It’s being called a starship Enterprise for the water, and not merely for its futuristic shape. SeaOrbiter, designed by French architect Jacques Rougerie, is envisioned as a high-tech moving laboratory, carrying scientists on long treks through an environment not inherently friendly to human life.
At the moment, the craft is still on the drawing board. Construction is planned to begin later this year, and if funding allows, to be completed in 2016. Initial funding has been provided by the French government, several companies, and a crowd-funding campaign.
When operational, the craft is intended to be a sort of Swiss Army knife of aquatic research. Designers say it will hunt for underwater archaeological remains and new life forms, investigate ocean chemistry, and map vast swathes of the ocean floor while providing unprecedented capability for sending aquanauts continually on deep dives.
But its concepts borrow heavily from a different kind of exploration in recent human history: space exploration. And though it may physically resemble the Enterprise, there’s a more useful comparison closer to home in the International Space Station (ISS). Like the ISS, SeaOrbiter will advance basic science. Like the ISS, technology developed for the ship will improve everyday technology here on land. And finally, like the ISS, SeaOrbiter will allow humans to live long-term in an environment never before possible – effectively expanding human colonization to new places.
Science, the Prime Directive
The ISS may get most attention these days for the photos and videos its astronauts tweet, but behind the scenes the platform has been turning out hundreds of research projects. Taking advantage of the weightlessness, there’s bone research on laboratory animals that’s helping us to understand the mechanisms underlying osteoporosis (loss of bone mineral) and to develop means to prevent it. Weightlessness is also being utilized to study the production of new nanomaterials, which have different properties when formed in microgravity.
The ISS also serves as a platform from which to better see its surroundings.

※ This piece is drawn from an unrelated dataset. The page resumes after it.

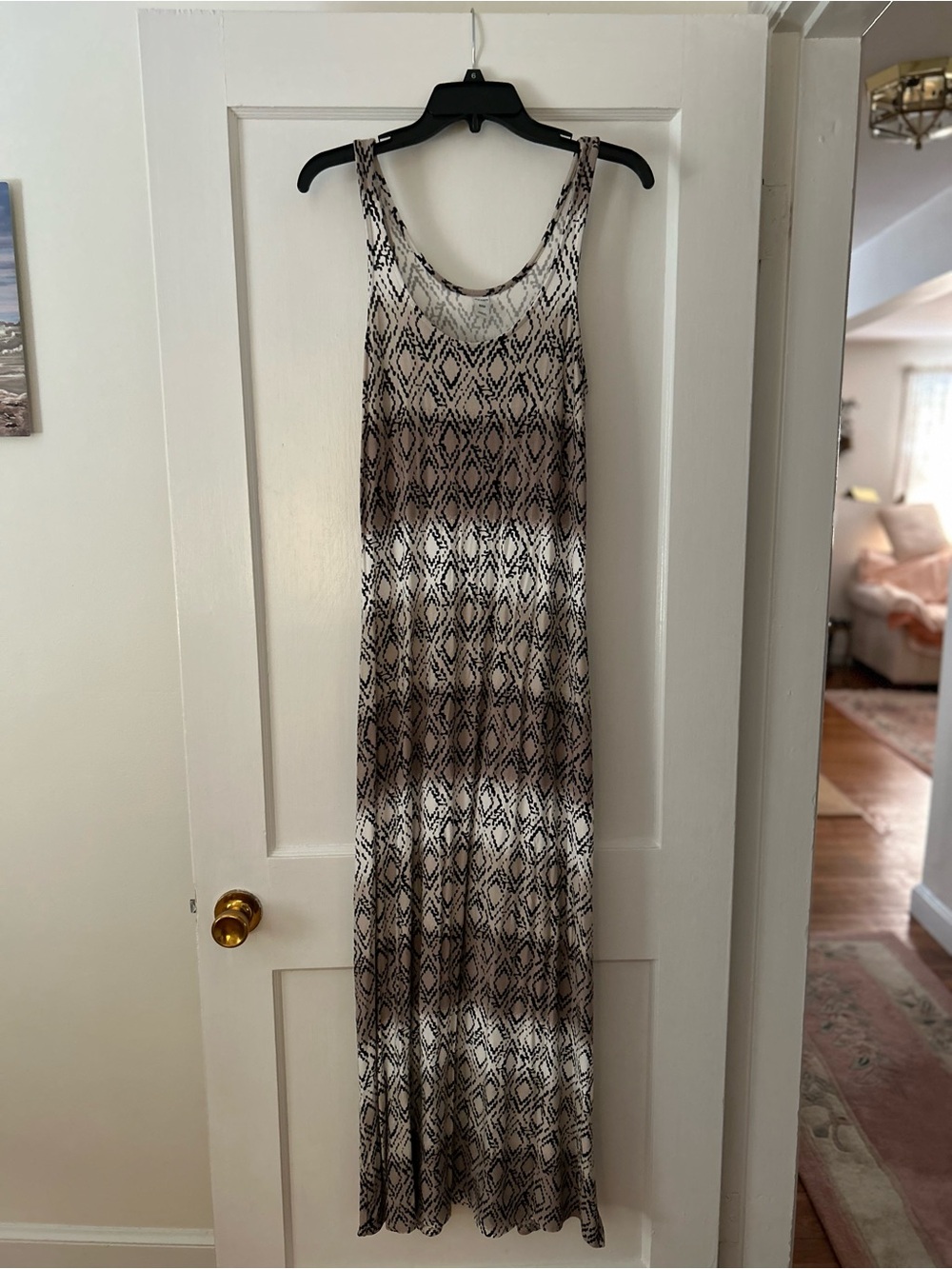Old Navy Sleeveless Maxi Dress in Beige and Black Diamond Print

From the space station researchers are imaging bodies of water to assess impacts of global warming, and using the alpha magnetic spectrometer to investigate elusive dark matter.
Likewise, the plan for research on SeaOrbiter is equally impressive, and will allow for questions to be answered that have not before been possible. That will in part be enabled by the design of the ship, which will allow researchers to dive deeper and more often than traditional vessels.
Crewmembers living at normal atmospheric pressure can dive to about 50 meters. Because of the risk of decompression illness (DCI), however, deeper exploration involves an approach called saturation diving, in which aquanauts spend a great deal of time in hyperbaric (high pressure) chambers. SeaOrbiter, by contrast, will have an entire bottom deck at hyperbaric pressure, with living space and comforts comparable to the rest of the ship.
This feature will enable the same people to go on deep dives day after day, to a depth of 100 meters. Departing and returning through a diving bay at the underside of SeaOribiter’s saucer section, saturation dives will be independent of ocean surface conditions, such as weather and daylight vs. darkness. Thus, there will be no obstacles against exploration at night, a critical period when unknown nocturnal life forms are thought to rise up from much lower depths.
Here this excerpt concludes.